Dutch industry-wide pension funds incur 40% lower costs when compared with company schemes, according to a survey commissioned by supervisor De Nederlandsche Bank (DNB).
The survey, conducted by Fieke van der Lecq, Gosse Alserda, and Jaap Bikker, attributed the difference to the usually more complex arrangements of individual company schemes, as well as their higher service level.
Bikker, a professer of banking and financial regulation at the School of Economics at Utrecht University, told IPE sister publication Pensioen Pro that DNB agreed that industry-wide schemes usually have simpler arrangements and were less likely to outsource board support.
He added that the cost differences had been corrected for scale.
The researchers found that implementation costs per participant varied widely, even at pension funds of equal scale.
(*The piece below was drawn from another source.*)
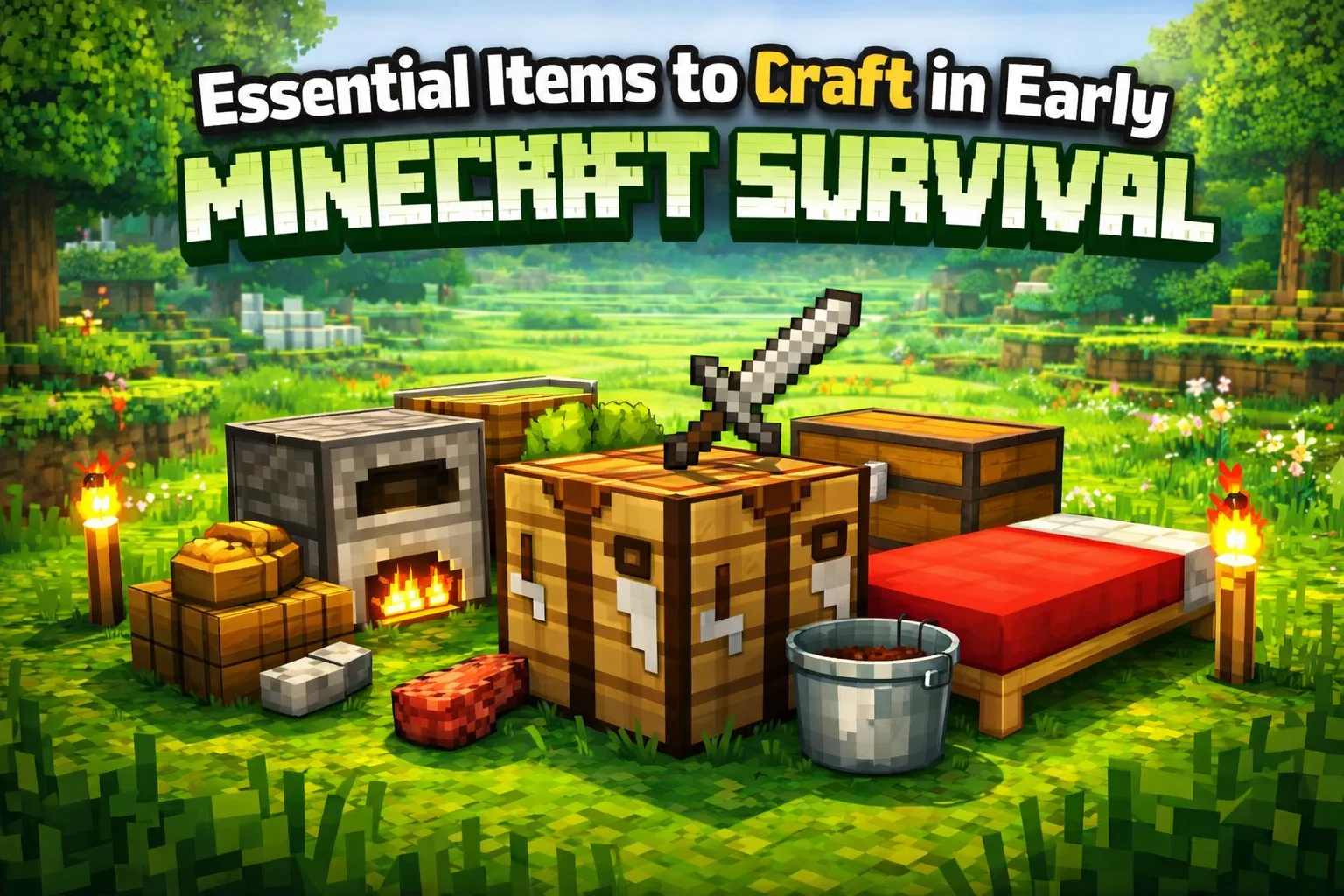 Essential Minecraft Items: What to Craft First (Beginner Guide) | GAMQO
In addition, they found that the smaller the pension schemes were, the bigger the cost differences were.
Administration costs at the smallest schemes averaged €575 per participant, against €50 at the largest (sector) pension funds.
As costs at the smaller pensions funds ranged from a couple of hundreds of euros to €1,000, the study concluded that there was much scope for improvement.
According to the researchers, costs at occupational pension funds were 53% higher than at company schemes, “as they have to cash in contributions from all individual participants”.
They also concluded that pension funds with defined contribution arrangements incurred 12% less costs than schemes with defined benefit plans.
In contrast with the reporting recommendation of the Pensions Federation, Van der Lecq, Bikker, and Alserda also included deferred members in their calculations.
As a result, the costs they found were significantly lower than posted in pension funds’ annual reports.
Earlier surveys have suggested that asset management offers less scope for cost reduction through scale and that asset management costs are six times higher than administration costs.
One of the causes is that large pension funds are often invested in more expensive asset classes, such as infrastructure and private equity.